More Bulls to reach maturity? What is wrong with the grundles that "we" have now? Speaking about the Wasatch. True there is not a million 400 class bulls but, any day, anytime you can go to about any place on the Wasatch and count dozens of Mature bulls. No, again not the 400 bulls but grundles of 300 plus bulls and larger ones also. How was it that Tex-O-Bob said it... "Elk Pettying Zoo"... My opinion it is easier to find a bull on that unit than it is a cow!


----------



## mack1950 (Sep 11, 2007)

sounds like this would have some thing to help rotate the points along alot faster and let the hunters decide what they want to do for themselfs, hunt every year are keep feeding the beast till they get the permit they want for 
the bigger bulls


----------



## proutdoors (Sep 24, 2007)

TAK said:


> More Bulls to reach maturity? What is wrong with the grundles that "we" have now? Speaking about the Wasatch. True there is not a million 400 class bulls but, any day, anytime you can go to about any place on the Wasatch and count dozens of Mature bulls. No, again not the 400 bulls but grundles of 300 plus bulls and larger ones also. How was it that Tex-O-Bob said it... "Elk Pettying Zoo"... My opinion it is easier to find a bull on that unit than it is a cow!

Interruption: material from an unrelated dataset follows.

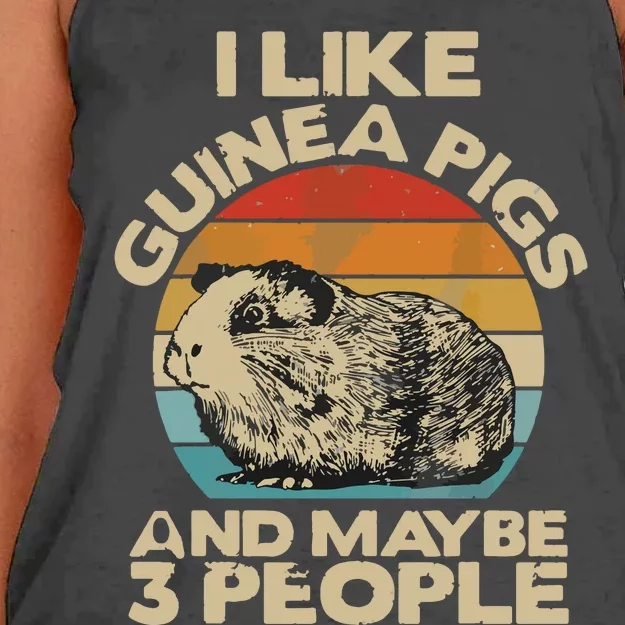 Guinea Pig Shirts Guinea Pig Lover Tee Funny Guinea Pig Women's Knotted Racerback Tank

The problem many hunters have with the "grundles" we have now is that very few hunters get a chance to hunt them. The Wasatch is my second favorite LE unit after Dutton. I have never had a problem getting into elk and getting away from the crowds on the Wasatch. I400 started over a voiced opinion about spike tags two years ago, and has been changed many times since the first draft. I am no longer in favor of eliminating spike tags on the Wasatch, but I am in favor of either a cap per I400 unit, or a rotating spike hunt every 2-3 years. By lowering the number of spikes harvested each year you can increase the number of mature bulls that can be harvested each year. And, by lowering the success rates you can increase the number of permits issued each year as well. I think the statewide spike hunt in 2009 opened a lot of hunters eyes on the impact more hunters in the field has on success rates.

While I realize 'over-crowding' is not what many hunters with LE points want, that is why we are only talking about 3-4 units. It was originally suggested that we leave 8-10 LE units 'premium' with tag allotments and season dates basically the same as now, with spike tags issued to help keep bull:cow ratios in line. Since hunters are resistant to major change, we dialed it back to 3-5 units that be managed somewhere between the current any-bull units and the Limited Entry units.

So, here is what I would like to see as of today:
3-5 units be managed under the "I400" 
I400 units have a tag allotment of 50% to any-weapon, 30% to archery, and 20% to muzzle loader instead of the current 60% to any-weapon, 25% to archery, and 15% to muzzle loader that the LE units now have.
Archery season be September 1-17 
Muzzle loader season be September 25-October 1
Any-weapon season be October 5-11
Manage the units to bull:cow ratios, NOT to harvest age objectives. With the bull:cow ratio objective being 30:100.
The draw would be under the same hybrid bonus/preference system used for the LE units, but drawing a I400 permit would only have a two year waiting period instead of the five year waiting period of the LE units.
The units I would like to see implemented are representative of each of the five Regions. The Northern Region would have the North Cache, the Northeast Region would have the Book Cliffs, the Central Region would have the Nebo, the Southeastern Region would have the LaSals, and the Southern Region would have the Panguitch Lake.


----------



## TAK (Sep 9, 2007)

Thanks Pro... 
I can see that side of the coin, but the problem is taking the spikes away and you know **** well they might increase the mature bull hunt by say 10 permits, so ALL them people will be looking for them tags come spring.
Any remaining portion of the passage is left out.